DATASET RECORDS
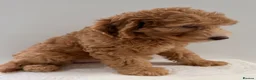 Goldendoodle dogs for sale: Fabulous Australian Doubledoodle Puppies  - Advert 16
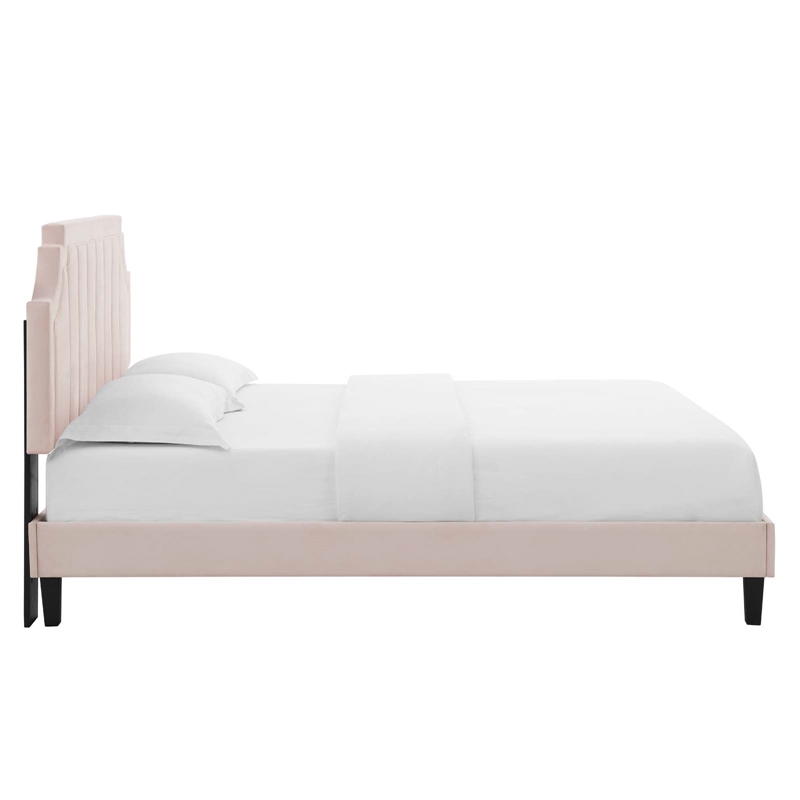 Modway Sienna Modern Performance Velvet Queen Platform Bed in Pink
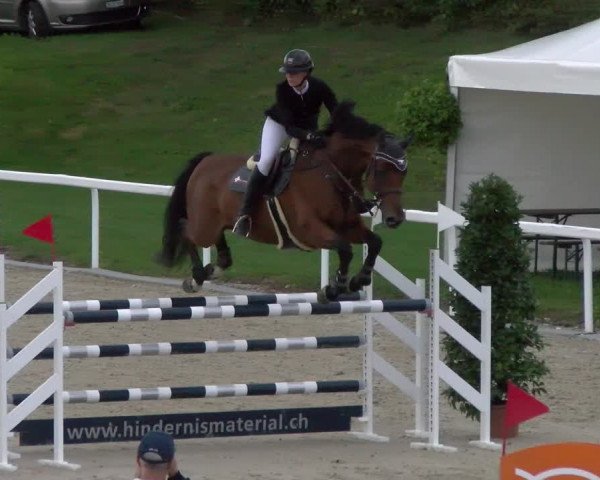 Reitturnier Bülach 2022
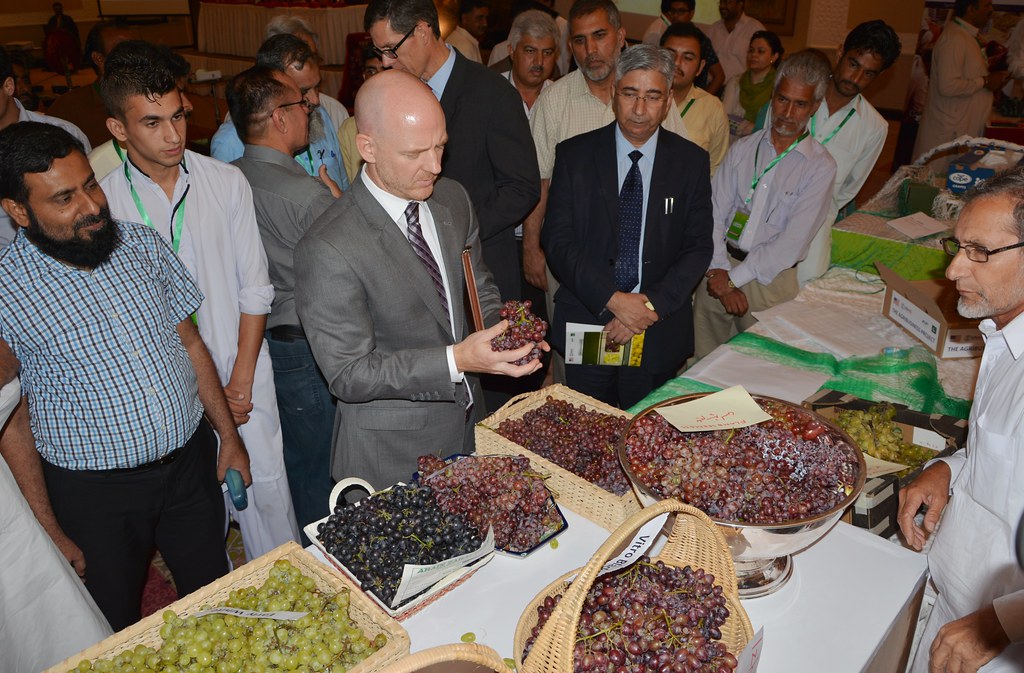 Die Bedeutung der Rebsorten für den Geschmack und Charakter des Weins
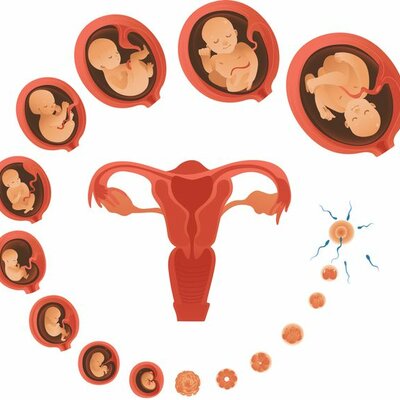 Timeline: DESARROLLO PRENATAL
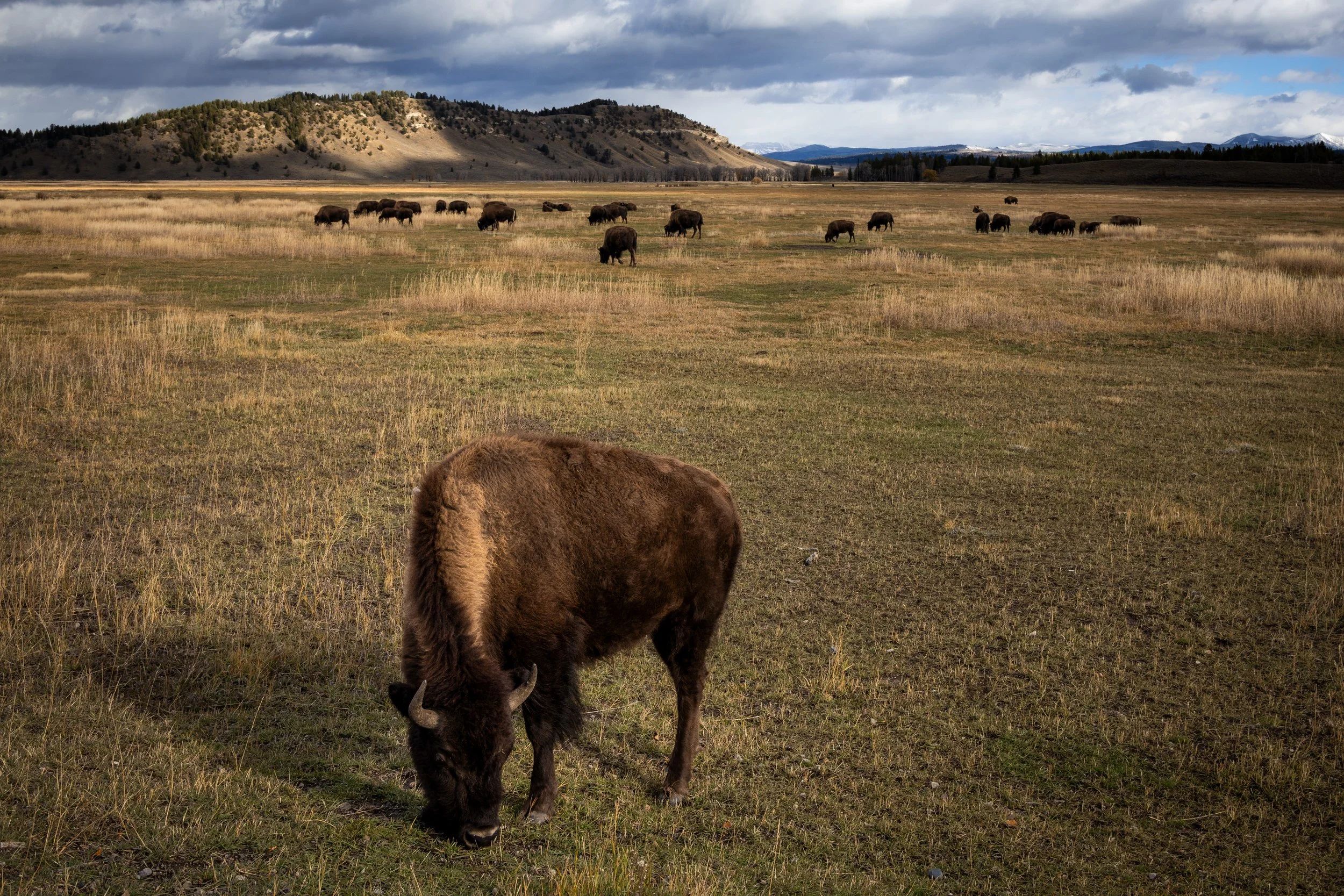 20251020174928002 Teton National Park.jpg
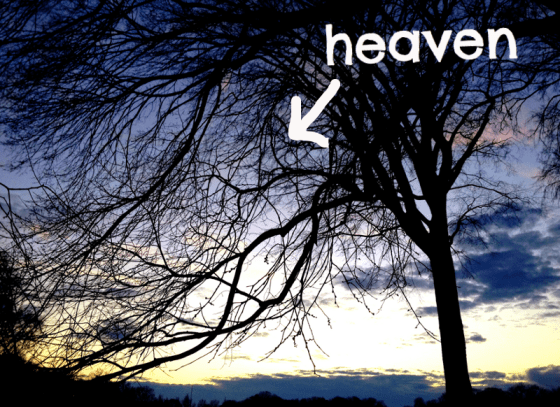 0_7cm3AkBs96KxxMKg6a2d65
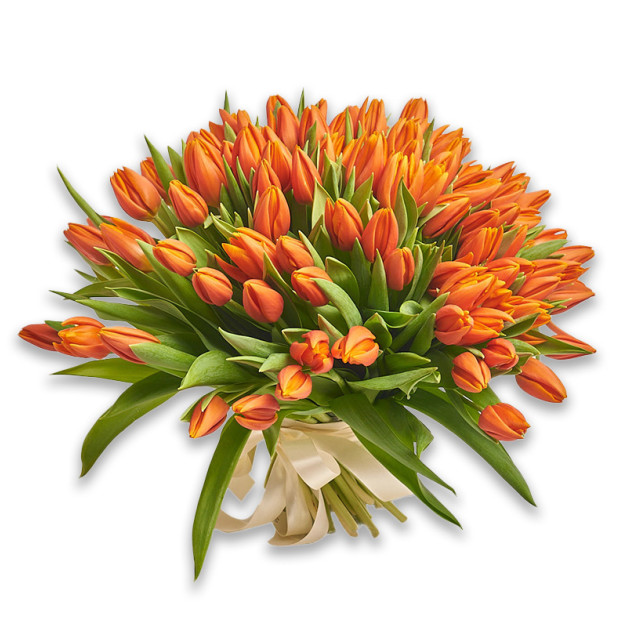 Bouquet 101 Orange Tulip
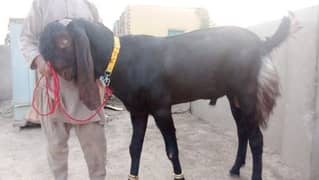 Andar03256810679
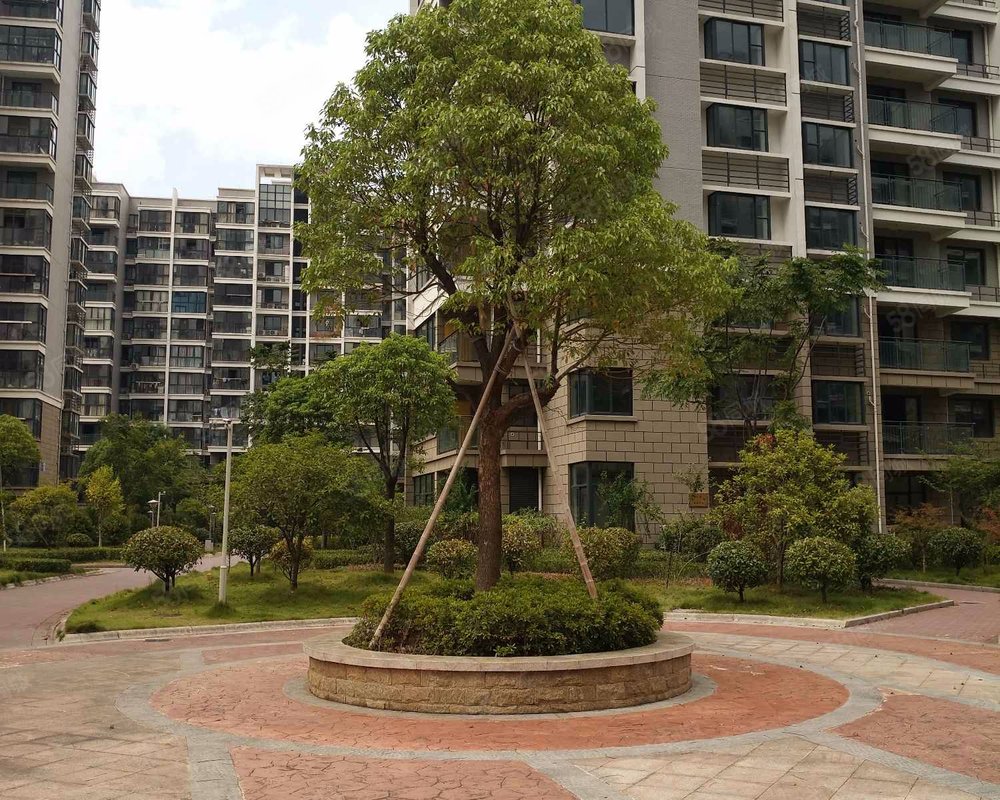 【南洲花园, 南洲花园小区详情,房价走势,房源,业主论坛】- 义乌58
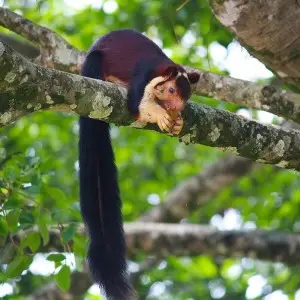 Indian Giant Squirrel photo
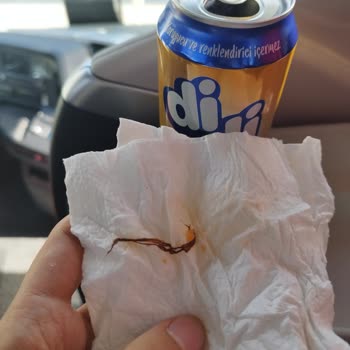 Çaykur Didi İçinden Çıkan Pislik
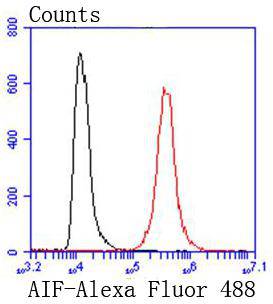 AIF Rabbit mAb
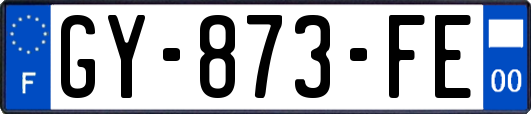 GY-873-FE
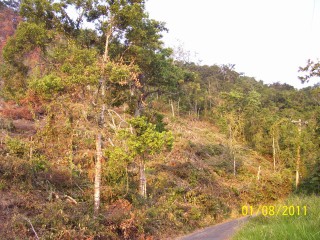 Residential lot For Sale in Off Red Hills  PRICE OFFER, Kingston / St. Andrew Jamaica | [1]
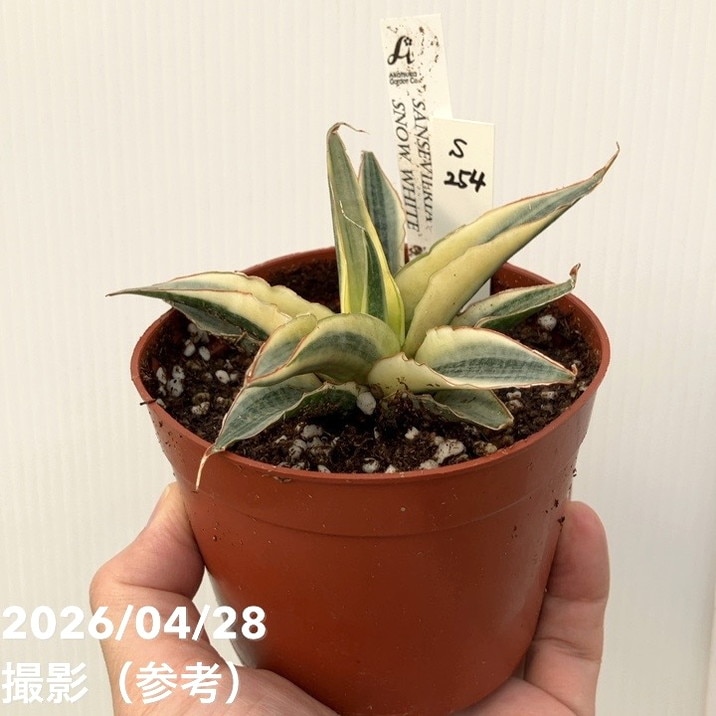サンスベリア　特大約170㎝鉢付き【値下げしました】 現品お届け】サンスベリア 5号 ミラノ Milano プラ鉢（S222）｜観葉02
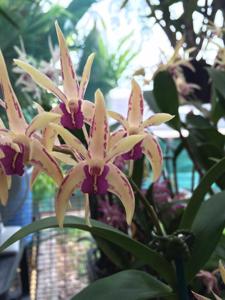 Dendrobium Memoria Brian Abbott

YOUR TASK
Starting with the line that has "AIF Rabbit mAb" and ending with the last line of the records, retype every line exactly and only those lines. Do not include the pictures.

TASK OUTPUT
 AIF Rabbit mAb
 GY-873-FE
 Residential lot For Sale in Off Red Hills  PRICE OFFER, Kingston / St. Andrew Jamaica | [1]
サンスベリア　特大約170㎝鉢付き【値下げしました】 現品お届け】サンスベリア 5号 ミラノ Milano プラ鉢（S222）｜観葉02
 Dendrobium Memoria Brian Abbott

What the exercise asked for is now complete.